- **Available data**
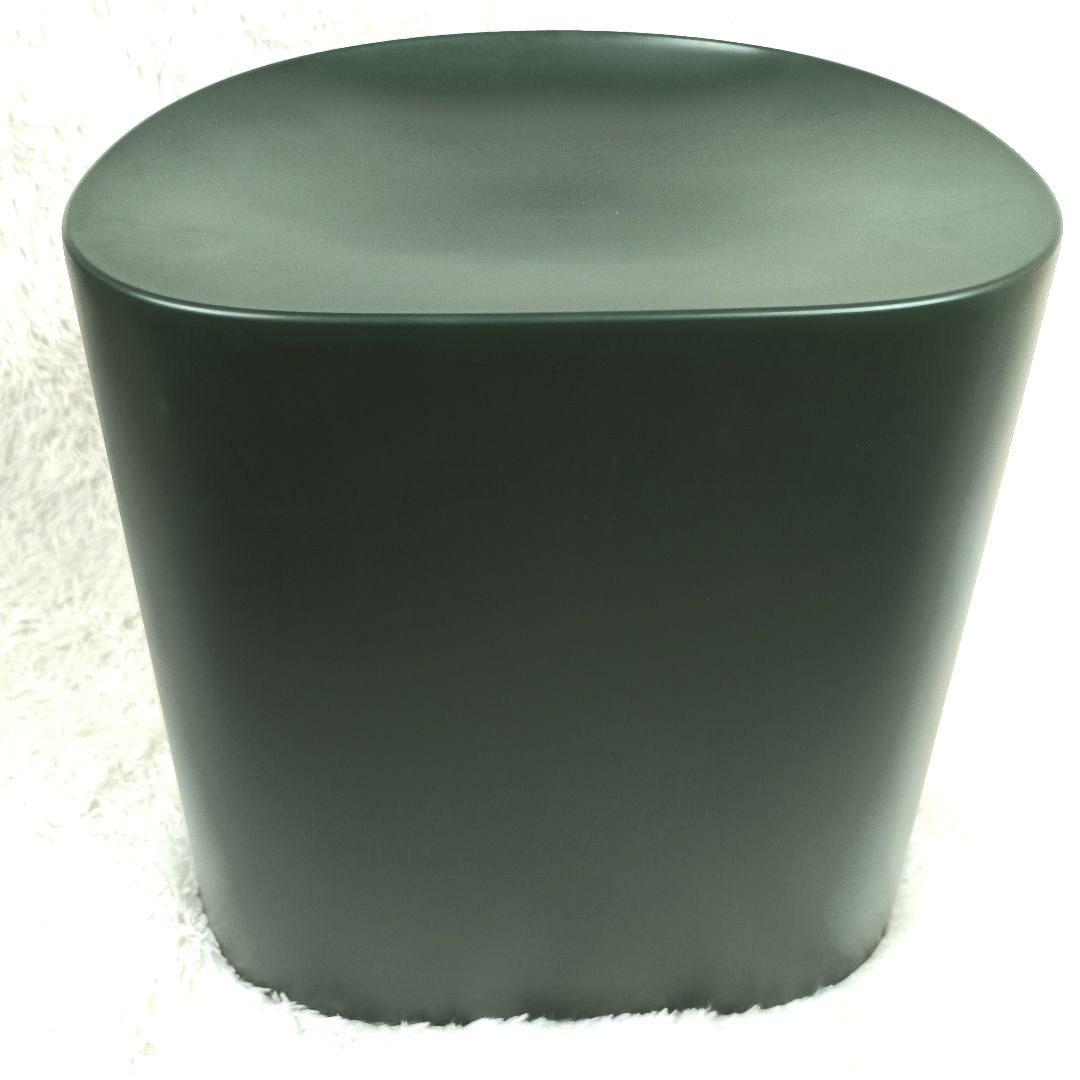 ✨希少廃番✨ 無印良品 ポリプロピレン スタッキングスツール 椅子 4脚 赤緑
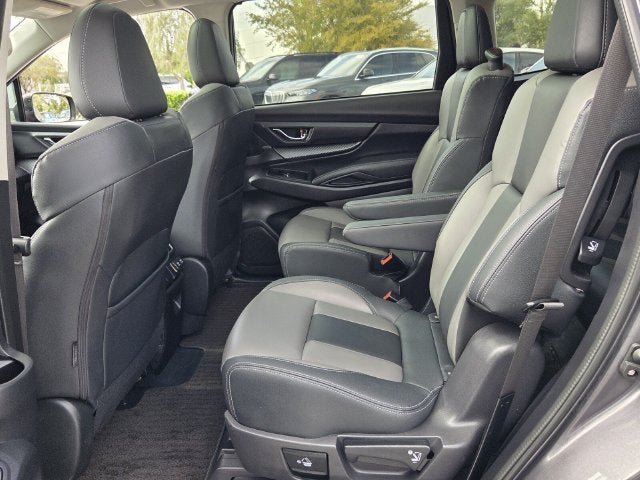 2022 Subaru Ascent Onyx Edition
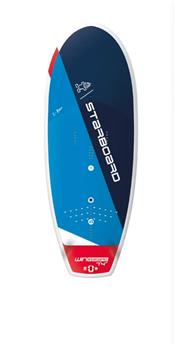 Planche de wing STARBOARD 5´2 x 27.5 Lite tech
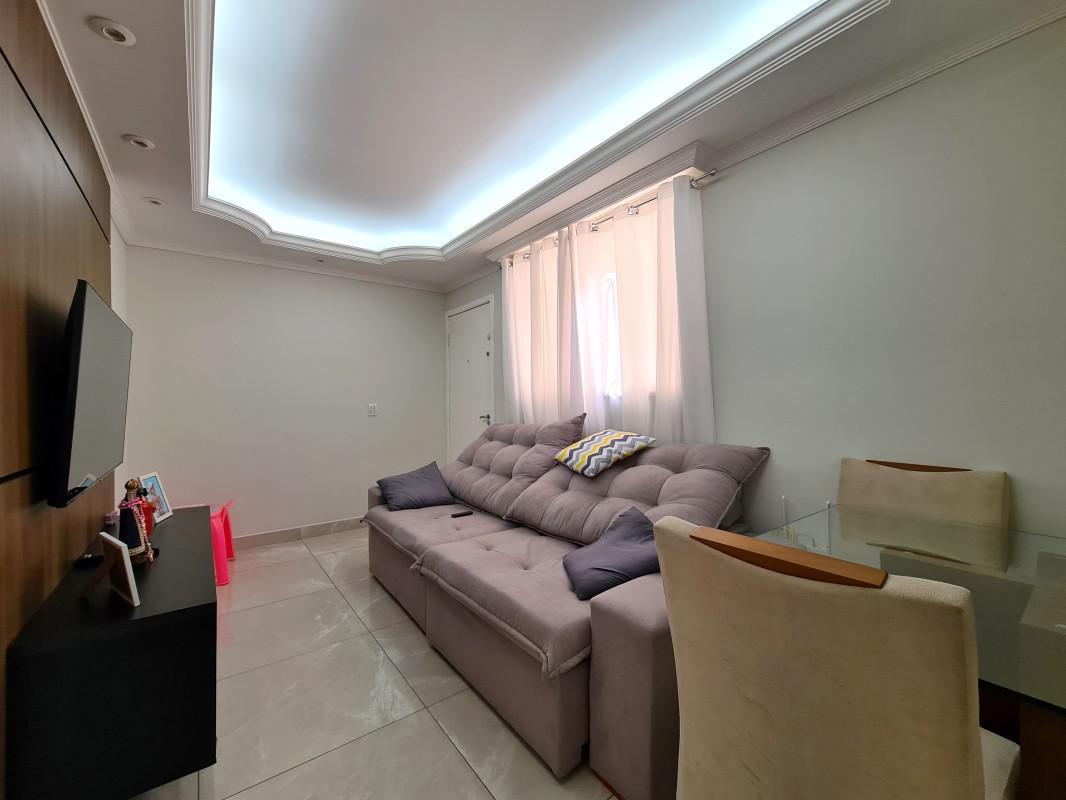 Apartamento, Cabral, 2 Quartos, 1 Vaga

- **Exercise description**
Output the material above exactly, without pictures.

- **Answer for the task**
 ✨希少廃番✨ 無印良品 ポリプロピレン スタッキングスツール 椅子 4脚 赤緑
 2022 Subaru Ascent Onyx Edition
 Planche de wing STARBOARD 5´2 x 27.5 Lite tech
 Apartamento, Cabral, 2 Quartos, 1 Vaga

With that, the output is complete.